The biggest obvious flaw with online education, from what I can tell, is that it's harder to keep people motivated when they're doing their work from their living room, and/or aren't literally surrounded by peers working on the same projects, and don't have as personal a connection with their teacher.

What existing tools do we have to combat this and how well do they work, and are there alternatives in development?

I'm no Peter Norvig, but this is the discussion section after all....

One tool that may or may not have a place in online education is gamification. To put a long story short, the gaming industry has gotten plenty of practice motivating people to keep going, even at tasks that wouldn't necessarily be the most interesting. Other industries have finally noticed this, and started trying it out to see which concepts from gaming carry over well to other fields. I don't personally know of any research specific to education, but would be interested if anything relevant was found

An enthusiastic, low-level introduction to gamifying education: http://www.penny-arcade.com/patv/episode/gamifying-education

Perhaps it would be good to remind people that "learning online" is not a synonym for "learning alone". There are a few ways to learn together. The difficult part is to find people who want to learn the same thing at the same time.

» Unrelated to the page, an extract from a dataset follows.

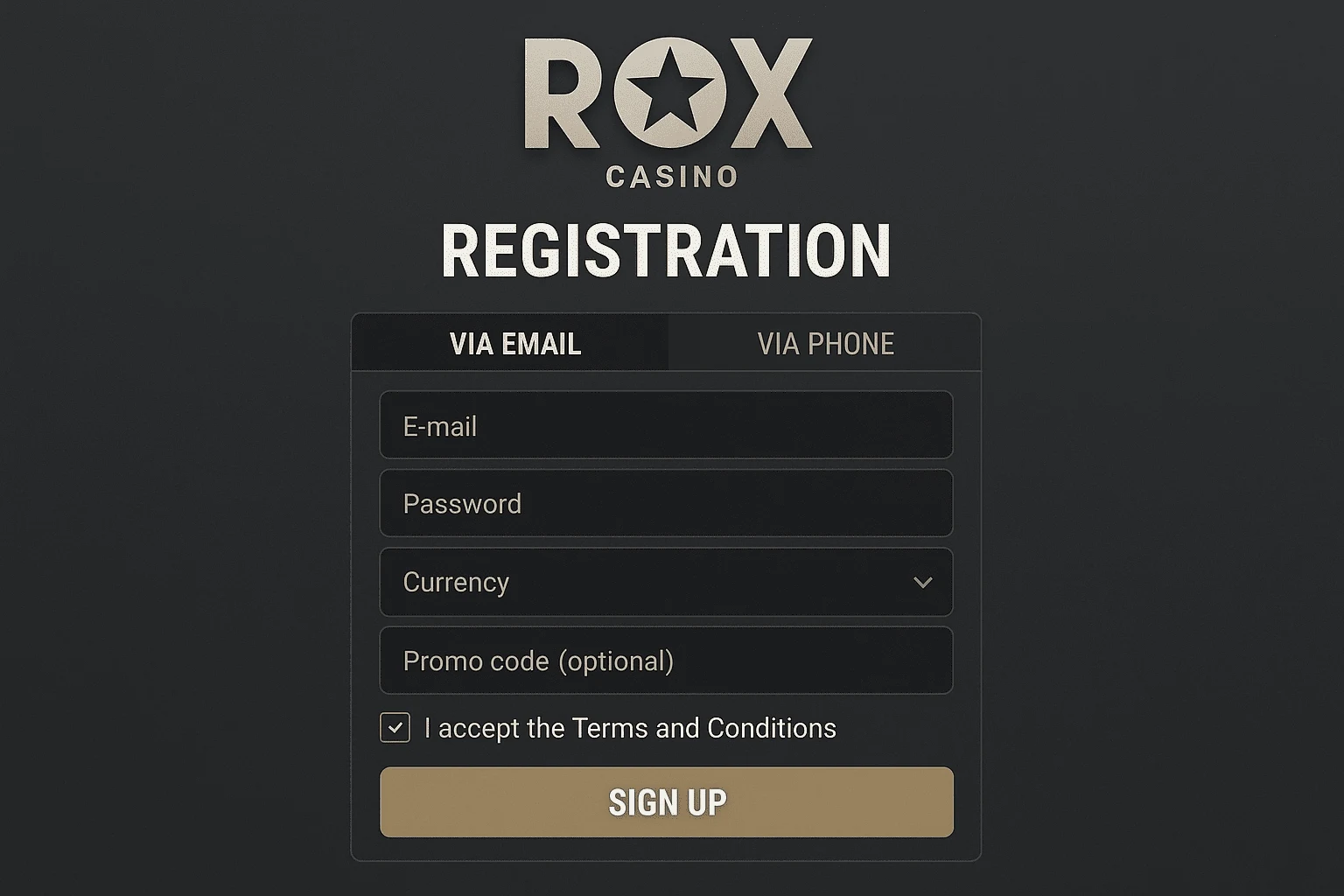 Rox casino вхід і реєстрація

1) People can watch the online lessons together; literally in the same room, looking at the same computer screen. If the computer gives you questions, first write your answers on a piece of paper, and when everyone has an answer written, show each other your answers, optionally discuss, and then write some result on a computer.

2) People can agree to do one lesson online alone, then meet and discuss that one lesson together. Or they can have one meeting per N lessons, or simply meet when necessary -- but at least once, at the end of the course. (You could use a Google spreadsheet to write who has completed which lessons, and who wants to discuss which lesson.)

For small children, parents can do (1) with them, or arrange (2) with other parents.

No question just a comment: I took their AI class and dropped it in short order. Norvig and Thrun are seriously fucking awful teachers. The guy who did the machine learning class was quite good, however.

[-][anonymous]30

Norvig and Thrun are seriously fucking awful teachers.

I enjoyed the AI class a lot, possibly just because I find Peter Norvig and Sebastian Thrun fucking awesome in general or because it was my first exposure to AI in general. Though yeah Ng's class was better done overal, his experience with giving online lectures showed and the programming exercises where great.